8.9 Assignments, Successors, and No Third-party Rights. No party
to this Agreement may assign any of its rights under this Agreement without
the prior consent of the other parties, except that Buyer may assign any of
its rights under this Agreement. This Agreement will be binding in all
respects upon, and subject to the prior sentence, and inure to the benefit of
the successors and permitted assigns of the parties. Nothing expressed or
referred to in this Agreement will be construed to give any Person other than
the parties to this Agreement and the Company any legal or equitable right,
remedy, or claim under or with respect to this Agreement or any provision of
this Agreement. This Agreement and all of its provisions and conditions are
for the sole and exclusive benefit of the parties to this Agreement and the
Company and their successors and permitted assigns.
49
8.10 Severability. If any provision of this Agreement is held
invalid or unenforceable by any court of competent jurisdiction, the other
provisions of this Agreement will remain in full force and effect. Any
provision of this Agreement held invalid or unenforceable only in part or
degree will remain in full force and effect to the extent not held invalid or
unenforceable.
8.11 Section Headings, Construction. The headings of Sections in
this Agreement are provided for convenience only and will not affect its
construction or interpretation. All references to "Section" or "Sections"

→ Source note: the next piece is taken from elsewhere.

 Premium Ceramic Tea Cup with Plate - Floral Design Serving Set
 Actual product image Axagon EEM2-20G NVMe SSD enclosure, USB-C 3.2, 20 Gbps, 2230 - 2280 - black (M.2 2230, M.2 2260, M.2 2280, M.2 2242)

refer to the corresponding Section or Sections of this Agreement. The
obligations of the Sellers under this Agreement and the Sellers Documents
(other than the Employment Agreements) shall be joint and several. All
reference to "Sellers" refer to each Seller and to both Sellers All words used
in this Agreement will be construed to be of such gender or number as the
circumstances require. Unless otherwise expressly provided, the word
"including" does not limit the preceding words or terms.
8.12 Governing Law. This Agreement will be governed by the laws
of the State of California.
8.13 Counterparts. This Agreement may be executed in one or more
counterparts, each of which will be deemed to be an original copy of this
Agreement and all of which, when taken together, will be deemed to constitute
one and the same agreement.
50
IN WITNESS WHEREOF, the parties have executed and delivered this
Agreement as of the date first written above.
Buyer: Sellers:
OAK HILL SPORTSWEAR CORPORATION
By: /s/ Xxxxxx X. Xxxx /s/ Xxxx X. Xxxxxxx
----------------------------- ------------------------------
Chairman of the Board XXXX X. XXXXXXX
/s/ Xxxxx X. Xxxxxx
------------------------------
XXXXX X. XXXXXX
51
LIST IDENTIFYING CONTENTS OF DISCLOSURE LETTER ITEMS
The Disclosure Letter delivered by Xxxx X. Xxxxxxx and Xxxxx X. Xxxxxx
pursuant to the Stock Purchase Agreement filed as Exhibit 2.1 hereto contains
information regarding the following Sections of said Agreement: 3.1(a); 3.2(b);
3.2(c); 3.3; 3.6; 3.8(b)(i); 3.8(b)(ii); 3.10; 3.11(d); 3.13(a); 3.14(a);
3.14(b); 3.14(c); 3.15(a); 3.15(c); 3.15(d); 3.16; 3.17(a); 3.17(b); 3.17(c);
3.17(d); 3.17(e); 3.18(a); 3.18(b); 3.18(c); 3.18(d)(ii); 3.18(e); 3.19;
3.20(a)2, 3.20(b); 3.20(c); 3.21; 3.22; 3.24(a); 3.24(b); 3.25; 3.26 and 6.2.
The contents of such Disclosure Letter Items may be identified by reference to
the subject matter of said Sections.